• [TASK PROMPT] Lines from the one with "Davi & Dani" up to and including the one with "Patent US12588966 Figure" are to be copied exactly from the records below, without their pictures.

ENTRIES PROVIDED Block Start

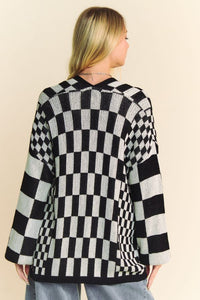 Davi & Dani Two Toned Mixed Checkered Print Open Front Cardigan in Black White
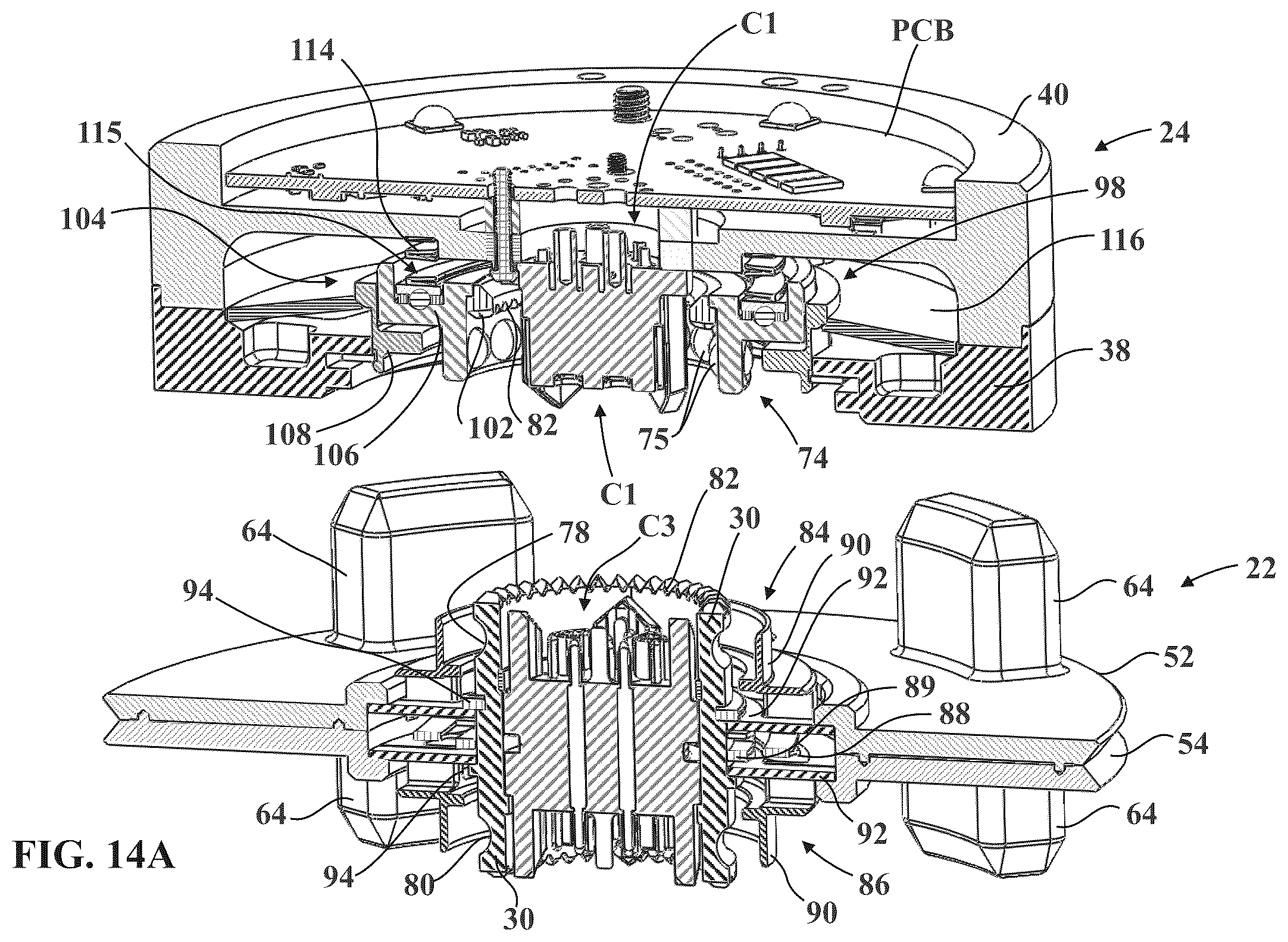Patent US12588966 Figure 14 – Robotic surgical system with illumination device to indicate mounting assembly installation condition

ENTRIES PROVIDED Block End
ENTRIES PROVIDED Block Start

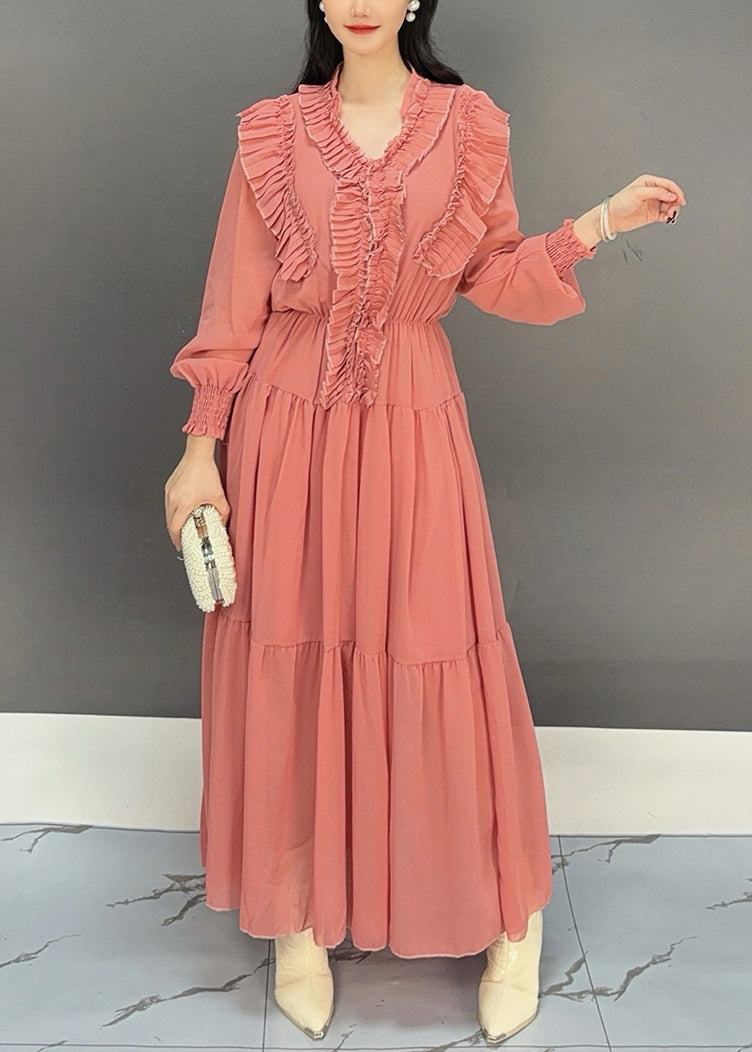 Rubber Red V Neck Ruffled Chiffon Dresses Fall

ENTRIES PROVIDED Block End
ENTRIES PROVIDED Block Start

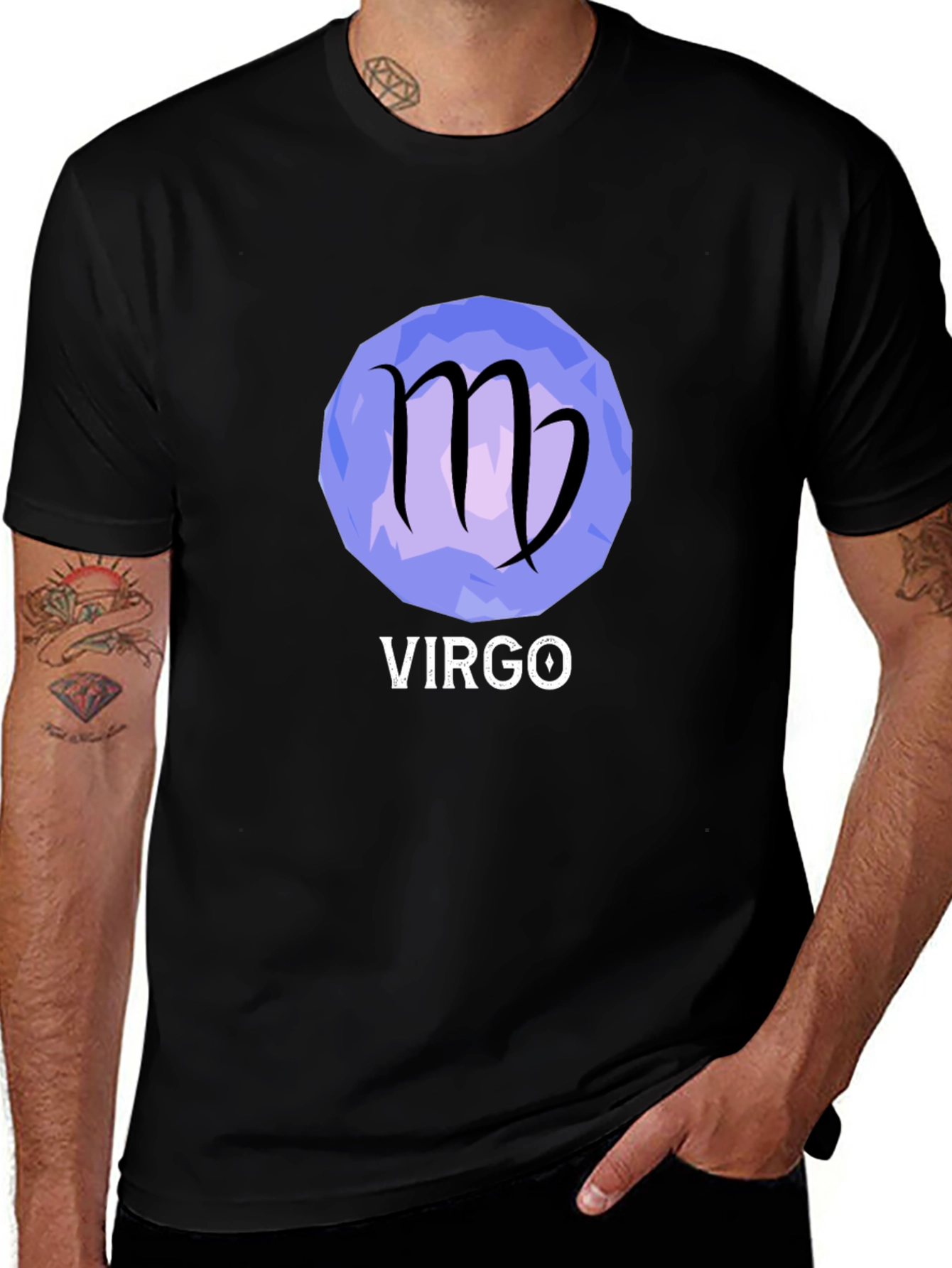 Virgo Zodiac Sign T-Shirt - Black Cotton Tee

ENTRIES PROVIDED Block End

• [SOLUTION]
 Davi & Dani Two Toned Mixed Checkered Print Open Front Cardigan in Black White
Patent US12588966 Figure 14 – Robotic surgical system with illumination device to indicate mounting assembly installation condition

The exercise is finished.